Output, exactly as written, the lines below starting at the line containing "Open Farm RawMix" and ending at the line containing "R.B.I. Baseball '93". Drop the pictures and keep both end lines.

PROVIDED INFORMATION START

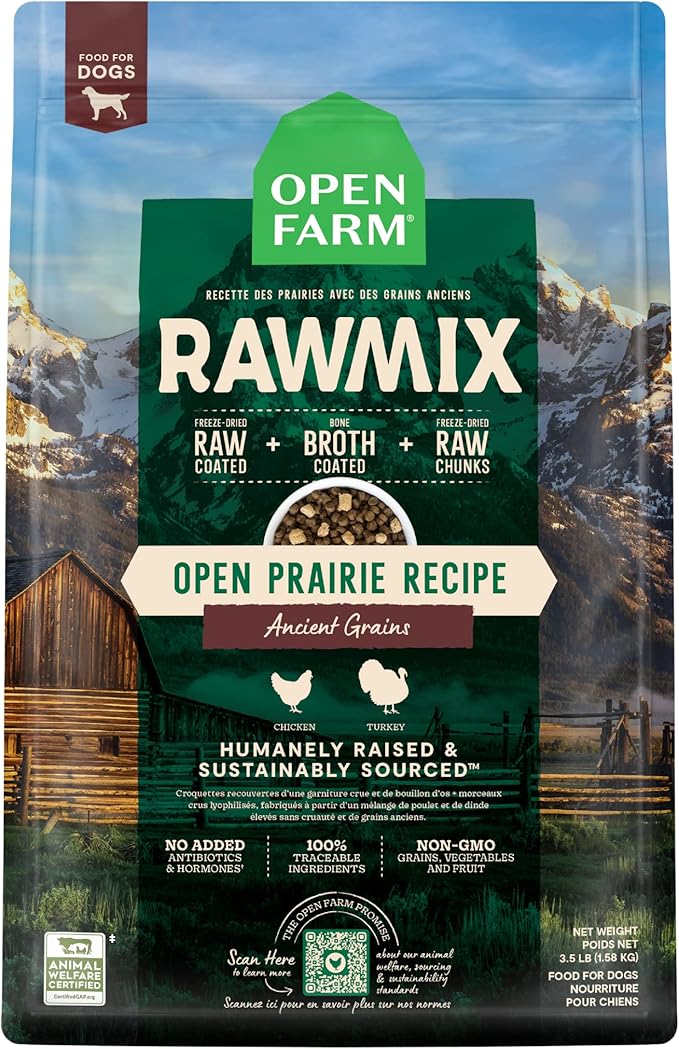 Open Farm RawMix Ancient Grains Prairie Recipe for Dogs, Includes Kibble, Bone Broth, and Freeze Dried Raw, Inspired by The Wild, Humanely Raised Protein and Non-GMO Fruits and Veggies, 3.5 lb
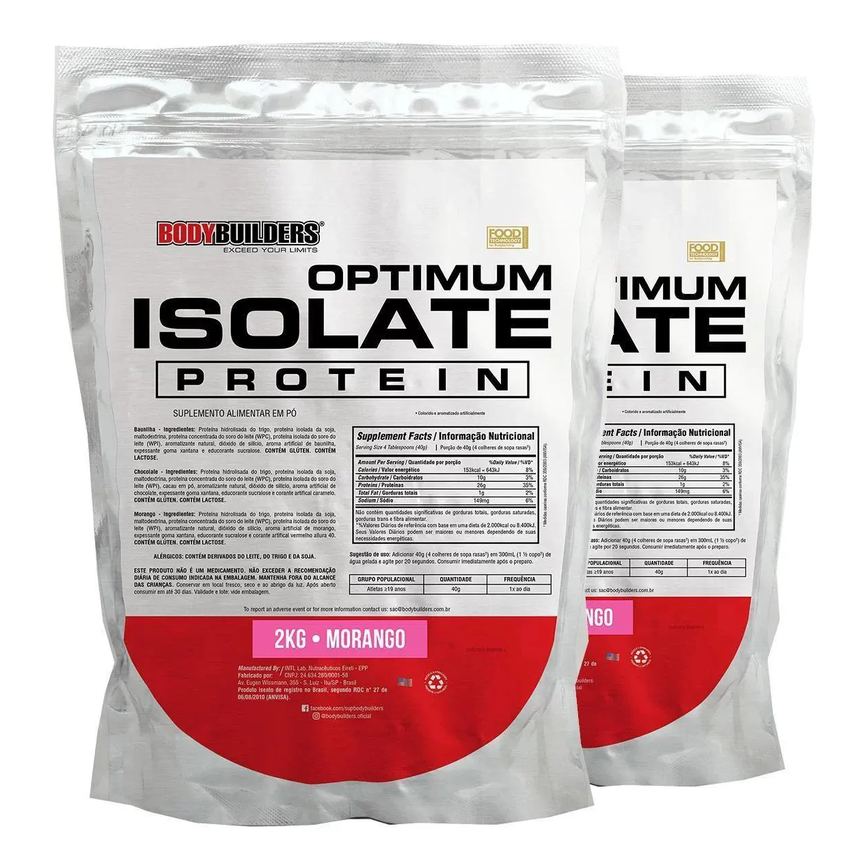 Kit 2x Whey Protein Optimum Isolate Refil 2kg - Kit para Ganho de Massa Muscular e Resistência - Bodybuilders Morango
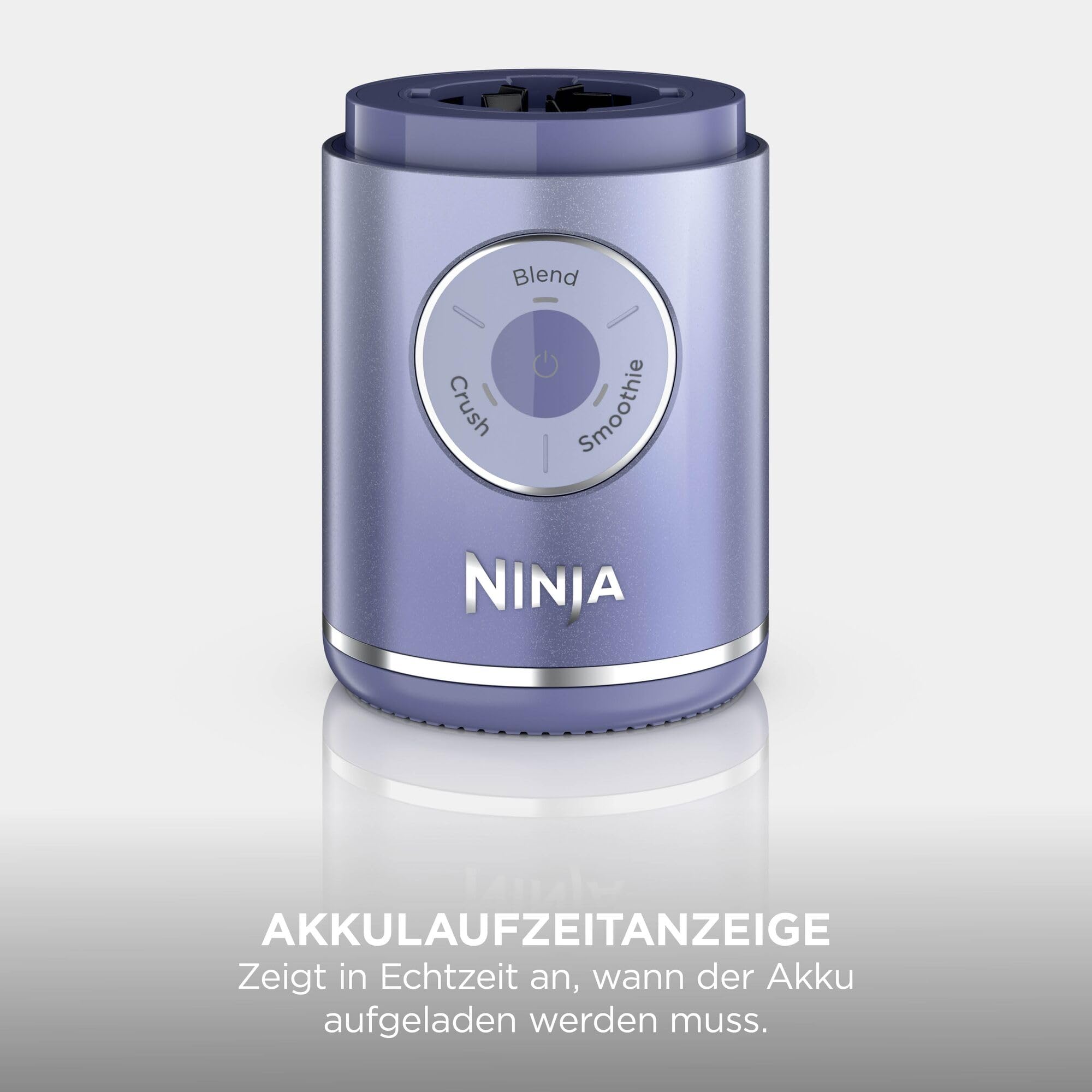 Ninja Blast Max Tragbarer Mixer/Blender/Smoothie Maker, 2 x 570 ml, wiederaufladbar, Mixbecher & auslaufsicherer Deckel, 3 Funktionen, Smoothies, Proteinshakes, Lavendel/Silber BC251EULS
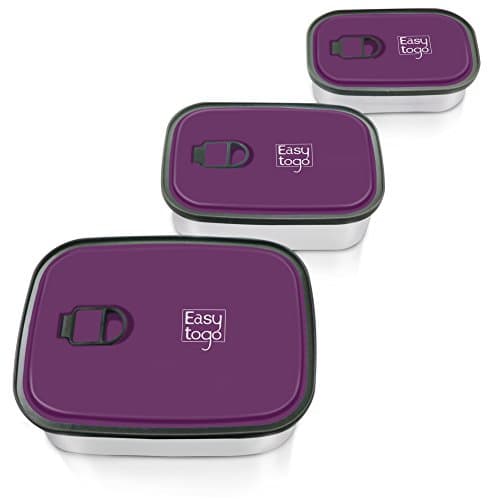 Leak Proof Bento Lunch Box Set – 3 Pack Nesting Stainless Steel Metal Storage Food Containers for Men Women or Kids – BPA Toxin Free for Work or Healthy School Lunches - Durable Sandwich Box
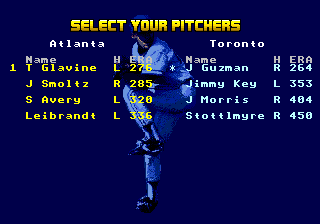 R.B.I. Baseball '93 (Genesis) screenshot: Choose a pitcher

PROVIDED INFORMATION END
PROVIDED INFORMATION START

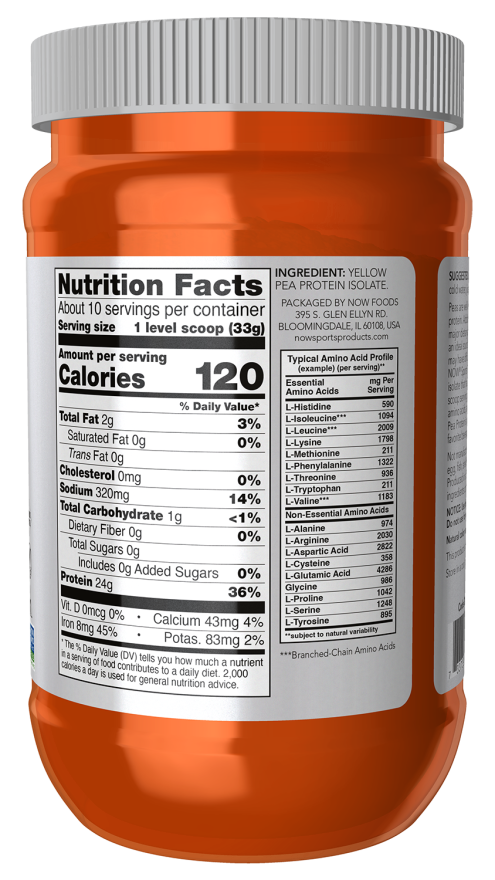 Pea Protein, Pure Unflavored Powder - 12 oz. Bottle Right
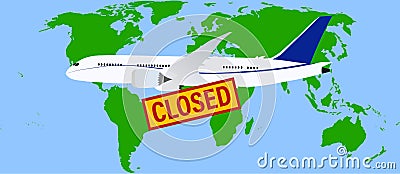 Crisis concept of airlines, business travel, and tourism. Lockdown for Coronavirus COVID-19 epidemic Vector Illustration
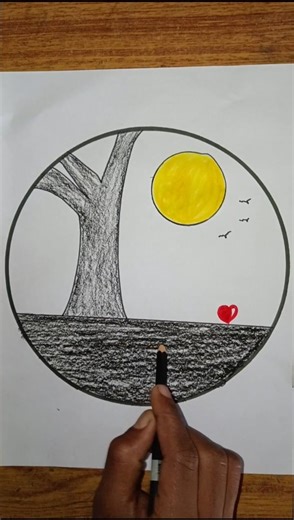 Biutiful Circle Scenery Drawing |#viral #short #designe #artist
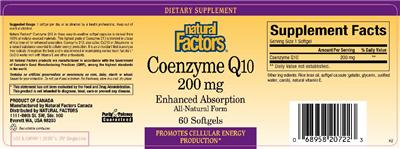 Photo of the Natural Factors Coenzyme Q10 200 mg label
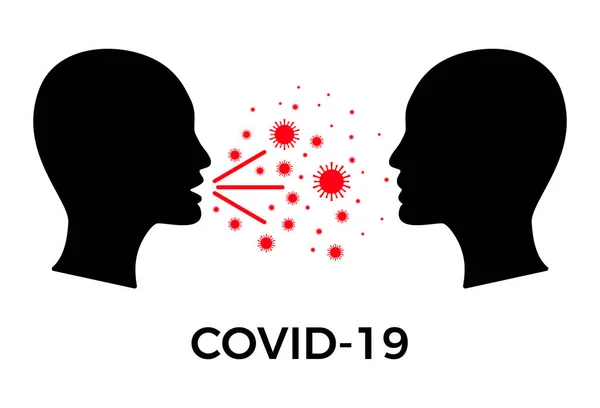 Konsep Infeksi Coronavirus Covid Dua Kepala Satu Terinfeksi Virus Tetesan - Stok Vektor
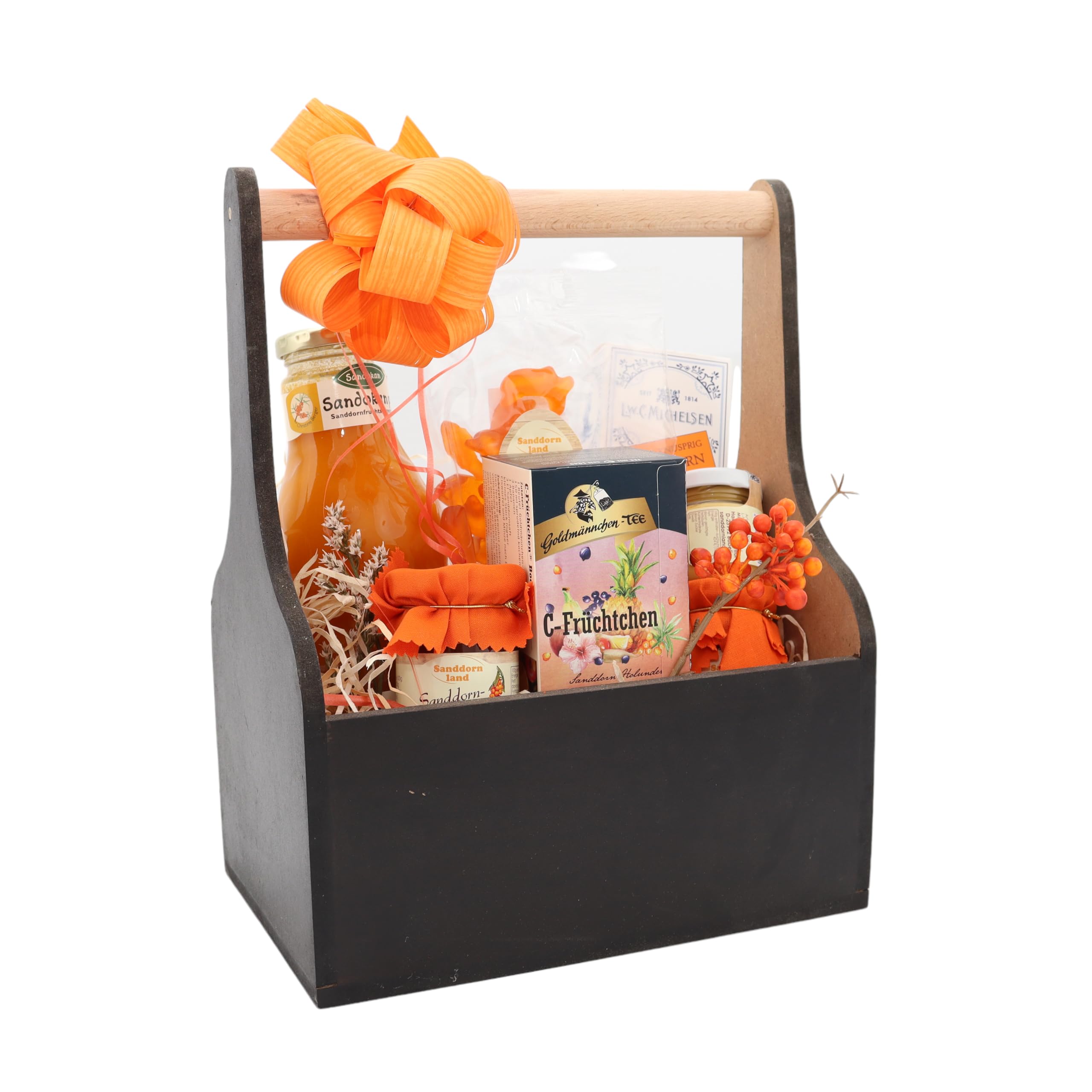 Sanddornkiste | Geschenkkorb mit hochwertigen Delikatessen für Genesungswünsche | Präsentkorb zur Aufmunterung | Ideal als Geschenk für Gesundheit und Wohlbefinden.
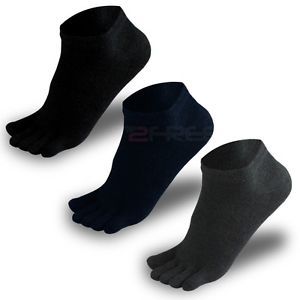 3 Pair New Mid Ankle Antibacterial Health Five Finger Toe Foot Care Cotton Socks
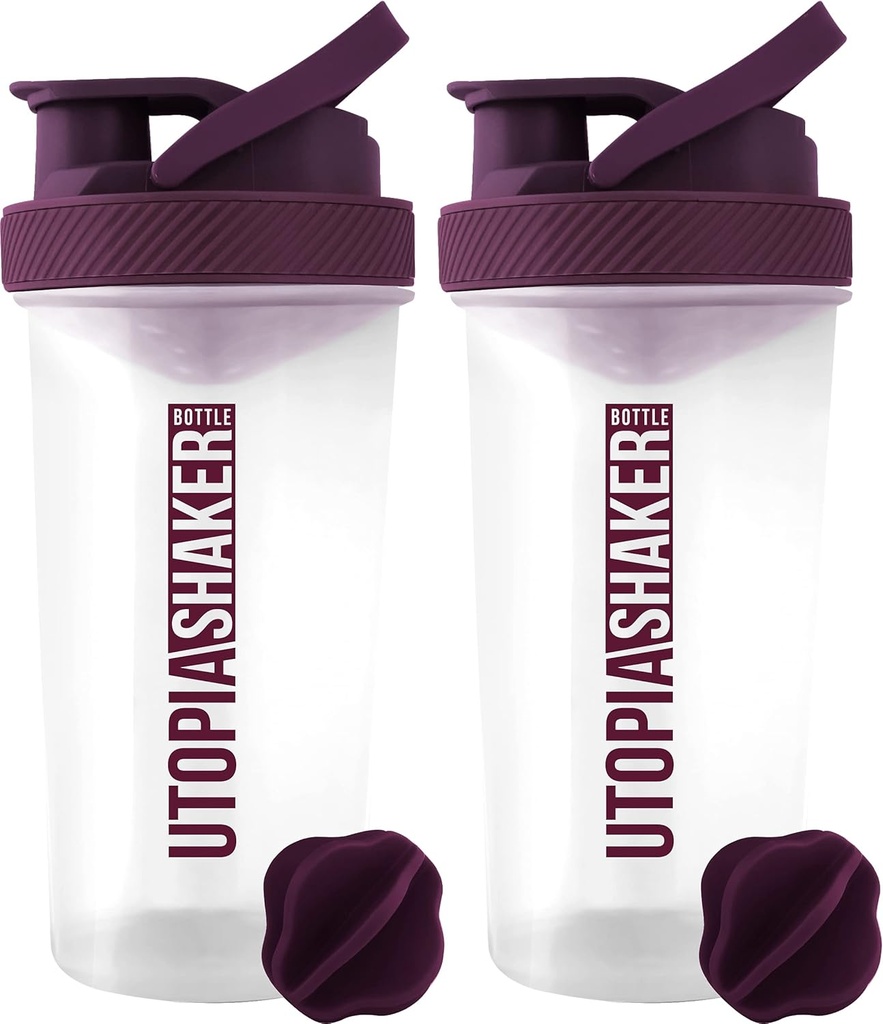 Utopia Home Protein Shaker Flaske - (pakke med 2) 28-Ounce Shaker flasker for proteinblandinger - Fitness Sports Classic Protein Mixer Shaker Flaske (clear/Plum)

PROVIDED INFORMATION END
PROVIDED INFORMATION START

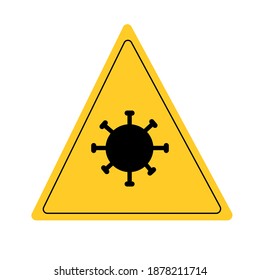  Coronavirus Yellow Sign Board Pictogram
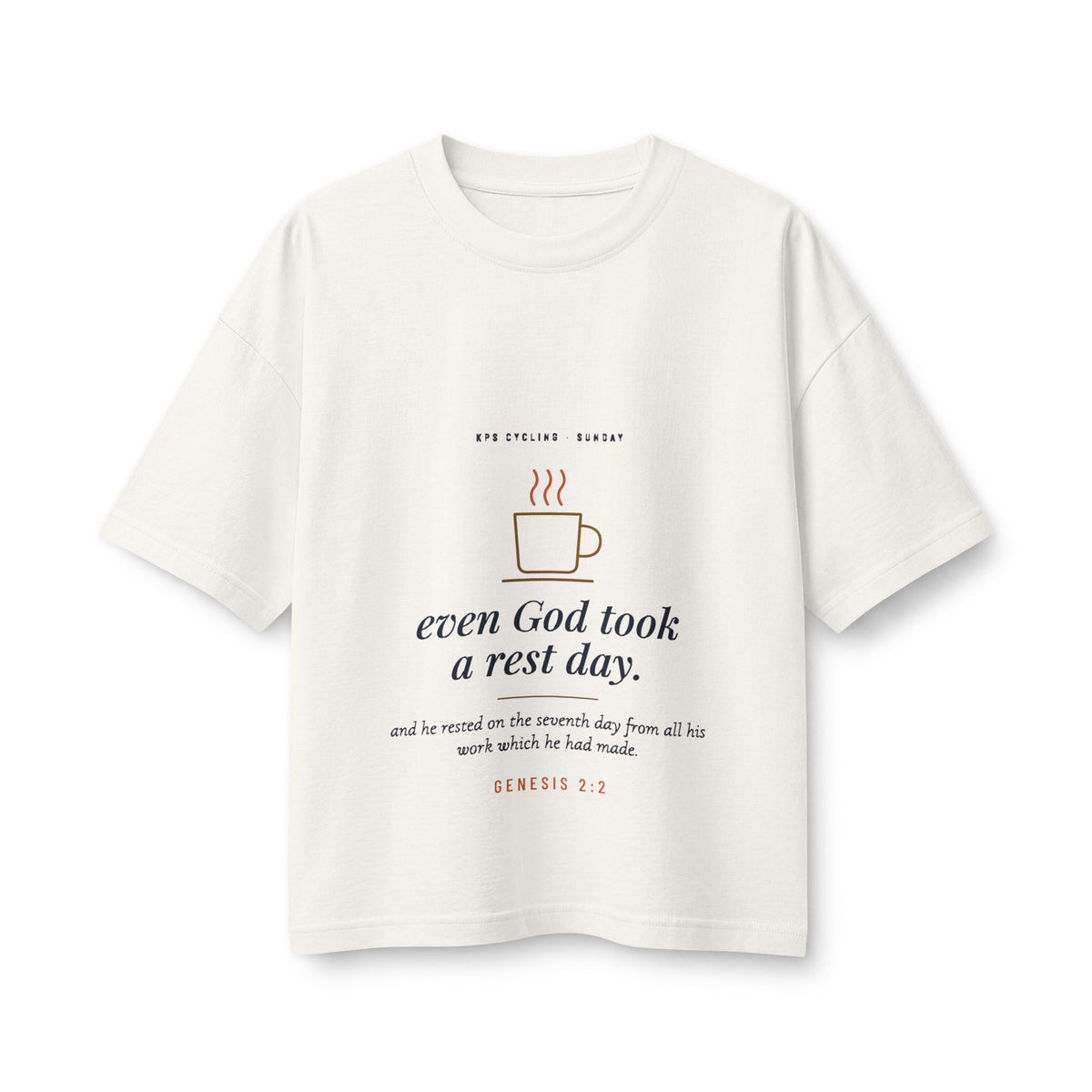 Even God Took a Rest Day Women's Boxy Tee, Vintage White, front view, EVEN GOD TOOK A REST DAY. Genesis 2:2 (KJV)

PROVIDED INFORMATION END

RESULT OF THE TASK |
 Open Farm RawMix Ancient Grains Prairie Recipe for Dogs, Includes Kibble, Bone Broth, and Freeze Dried Raw, Inspired by The Wild, Humanely Raised Protein and Non-GMO Fruits and Veggies, 3.5 lb
 Kit 2x Whey Protein Optimum Isolate Refil 2kg - Kit para Ganho de Massa Muscular e Resistência - Bodybuilders Morango
 Ninja Blast Max Tragbarer Mixer/Blender/Smoothie Maker, 2 x 570 ml, wiederaufladbar, Mixbecher & auslaufsicherer Deckel, 3 Funktionen, Smoothies, Proteinshakes, Lavendel/Silber BC251EULS
 Leak Proof Bento Lunch Box Set – 3 Pack Nesting Stainless Steel Metal Storage Food Containers for Men Women or Kids – BPA Toxin Free for Work or Healthy School Lunches - Durable Sandwich Box
 R.B.I. Baseball '93 (Genesis) screenshot: Choose a pitcher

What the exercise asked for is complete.